Baby P trial sparks rise in Trust’s child cases

The number of children referred to social services in the South Eastern Trust has doubled since the death of Baby P in 2007 — and figures are expected to climb even higher this year.

According to Trust figures, the number of children referred to social services this year will jump to over 5,000, from 3,737 in 2006/07.

The figures have come to light as it emerged the number of number of children on the child protection register in Northern Ireland has jumped by 20%.

The number of children on the register in the South Eastern Trust has also risen since 2006/07, from 431, with projected figures for the current year standing at 608 — a 41% increase following the scandal which arose from the handling of the Baby P case by Haringey Council.

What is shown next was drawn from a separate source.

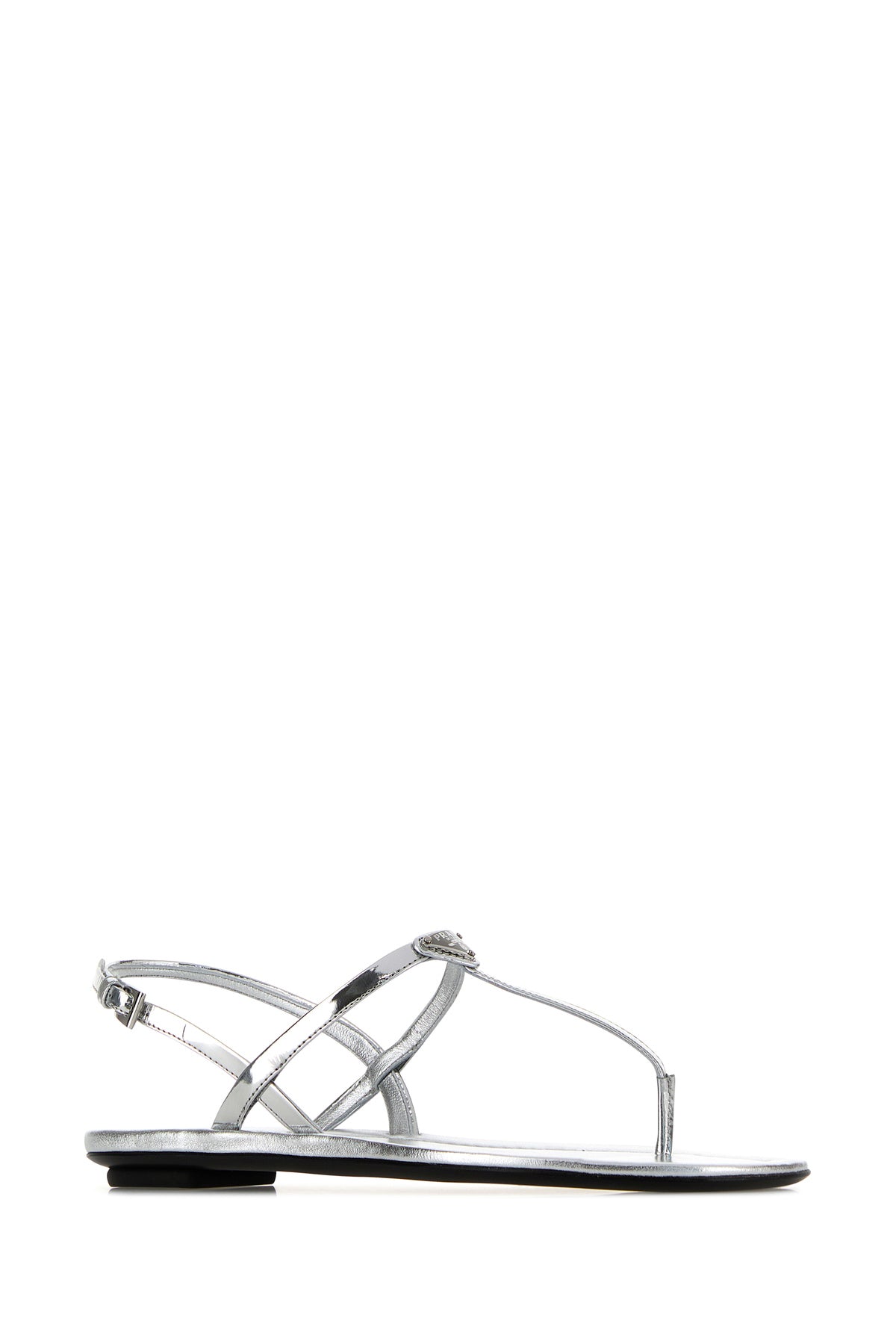 Prada Sandali infradito in pelle argento, view 2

Peter Connelly, also known as Baby P, was just 17-months-old when he died in London after suffering more than 50 injuries over an eight-month period, during which he was repeatedly seen by social services.

Haringey Council came under fire during the subsequent media storm with the head of the council’s children’s services, Ulster-born Sharon Shoesmith, losing her job.

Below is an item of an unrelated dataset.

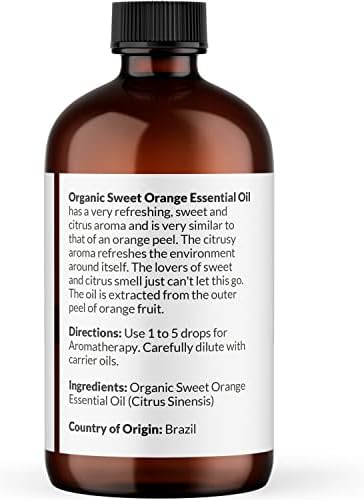 Óleo essencial de laranja doce orgânica do naturobliss, grau terapêutico puro, óleo de laranja doce de qualidade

Anne Marie Dooey, a 24-year-old social worker employed by the South Eastern Trust, spoke about the challenges facing her profession amid an unprecedented number of children being referred to social services.

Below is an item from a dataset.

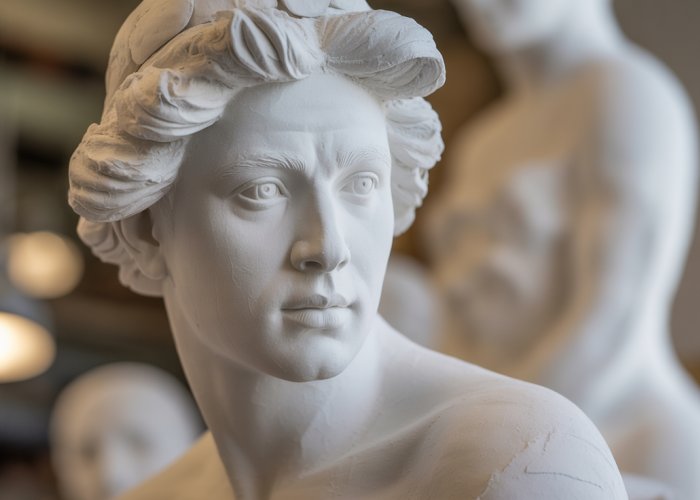 Detailed plaster of Paris sculpture showing intricate textures and fine craftsmanship.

“I suppose becoming a social worker was about getting a job where I could help people and work with different people and children,” she said.

“I didn’t want to do an office-based job so when I left school I did a degree in social work at Queen’s.

“I was aware of the negative views about the profession but I don’t think I realised the degree |of negativity until I got into the job.

”You never know what reception you are going to get when you first make contact.

“It is about building up trust so you can work with people and the longer you are in the job the more confident you become and better able to get across that you are there to help the children.”